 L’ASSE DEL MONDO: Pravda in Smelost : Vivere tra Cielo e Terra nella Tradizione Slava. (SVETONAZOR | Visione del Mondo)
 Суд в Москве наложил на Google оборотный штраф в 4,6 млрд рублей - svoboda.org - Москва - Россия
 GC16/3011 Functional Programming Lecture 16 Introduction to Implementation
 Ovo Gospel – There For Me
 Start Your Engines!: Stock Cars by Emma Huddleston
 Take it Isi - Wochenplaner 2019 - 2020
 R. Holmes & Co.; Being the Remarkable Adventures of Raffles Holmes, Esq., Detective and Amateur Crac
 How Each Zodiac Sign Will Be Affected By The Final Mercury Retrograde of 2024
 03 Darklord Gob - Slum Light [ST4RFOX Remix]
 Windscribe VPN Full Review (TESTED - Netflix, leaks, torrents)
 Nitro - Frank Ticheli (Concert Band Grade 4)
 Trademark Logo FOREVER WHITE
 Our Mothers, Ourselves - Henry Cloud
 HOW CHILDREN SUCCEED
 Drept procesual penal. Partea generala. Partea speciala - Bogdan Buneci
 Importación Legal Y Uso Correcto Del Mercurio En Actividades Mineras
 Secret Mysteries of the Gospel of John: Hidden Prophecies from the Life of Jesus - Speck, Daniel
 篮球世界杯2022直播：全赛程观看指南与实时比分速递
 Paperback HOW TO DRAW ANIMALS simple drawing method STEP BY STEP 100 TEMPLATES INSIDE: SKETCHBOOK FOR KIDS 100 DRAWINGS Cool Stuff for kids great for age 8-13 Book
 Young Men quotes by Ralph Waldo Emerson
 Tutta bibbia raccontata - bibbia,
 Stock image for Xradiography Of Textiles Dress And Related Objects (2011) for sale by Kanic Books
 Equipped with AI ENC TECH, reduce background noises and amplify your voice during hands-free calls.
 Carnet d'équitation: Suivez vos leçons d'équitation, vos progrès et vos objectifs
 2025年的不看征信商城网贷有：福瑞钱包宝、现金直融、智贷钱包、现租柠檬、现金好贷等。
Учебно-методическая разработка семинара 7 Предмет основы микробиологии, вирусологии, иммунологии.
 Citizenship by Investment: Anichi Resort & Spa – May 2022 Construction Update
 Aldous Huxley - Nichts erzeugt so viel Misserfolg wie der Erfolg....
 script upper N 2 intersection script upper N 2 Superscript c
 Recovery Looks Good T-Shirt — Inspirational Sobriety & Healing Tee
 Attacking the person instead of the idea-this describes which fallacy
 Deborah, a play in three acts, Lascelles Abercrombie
____
The data above needs retyping. Reproduce each line exactly.

▸ **Expected answer**
 L’ASSE DEL MONDO: Pravda in Smelost : Vivere tra Cielo e Terra nella Tradizione Slava. (SVETONAZOR | Visione del Mondo)
 Суд в Москве наложил на Google оборотный штраф в 4,6 млрд рублей - svoboda.org - Москва - Россия
 GC16/3011 Functional Programming Lecture 16 Introduction to Implementation
 Ovo Gospel – There For Me
 Start Your Engines!: Stock Cars by Emma Huddleston
 Take it Isi - Wochenplaner 2019 - 2020
 R. Holmes & Co.; Being the Remarkable Adventures of Raffles Holmes, Esq., Detective and Amateur Crac
 How Each Zodiac Sign Will Be Affected By The Final Mercury Retrograde of 2024
 03 Darklord Gob - Slum Light [ST4RFOX Remix]
 Windscribe VPN Full Review (TESTED - Netflix, leaks, torrents)
 Nitro - Frank Ticheli (Concert Band Grade 4)
 Trademark Logo FOREVER WHITE
 Our Mothers, Ourselves - Henry Cloud
 HOW CHILDREN SUCCEED
 Drept procesual penal. Partea generala. Partea speciala - Bogdan Buneci
 Importación Legal Y Uso Correcto Del Mercurio En Actividades Mineras
 Secret Mysteries of the Gospel of John: Hidden Prophecies from the Life of Jesus - Speck, Daniel
 篮球世界杯2022直播：全赛程观看指南与实时比分速递
 Paperback HOW TO DRAW ANIMALS simple drawing method STEP BY STEP 100 TEMPLATES INSIDE: SKETCHBOOK FOR KIDS 100 DRAWINGS Cool Stuff for kids great for age 8-13 Book
 Young Men quotes by Ralph Waldo Emerson
 Tutta bibbia raccontata - bibbia,
 Stock image for Xradiography Of Textiles Dress And Related Objects (2011) for sale by Kanic Books
 Equipped with AI ENC TECH, reduce background noises and amplify your voice during hands-free calls.
 Carnet d'équitation: Suivez vos leçons d'équitation, vos progrès et vos objectifs
 2025年的不看征信商城网贷有：福瑞钱包宝、现金直融、智贷钱包、现租柠檬、现金好贷等。
Учебно-методическая разработка семинара 7 Предмет основы микробиологии, вирусологии, иммунологии.
 Citizenship by Investment: Anichi Resort & Spa – May 2022 Construction Update
 Aldous Huxley - Nichts erzeugt so viel Misserfolg wie der Erfolg....
 script upper N 2 intersection script upper N 2 Superscript c
 Recovery Looks Good T-Shirt — Inspirational Sobriety & Healing Tee
 Attacking the person instead of the idea-this describes which fallacy
 Deborah, a play in three acts, Lascelles Abercrombie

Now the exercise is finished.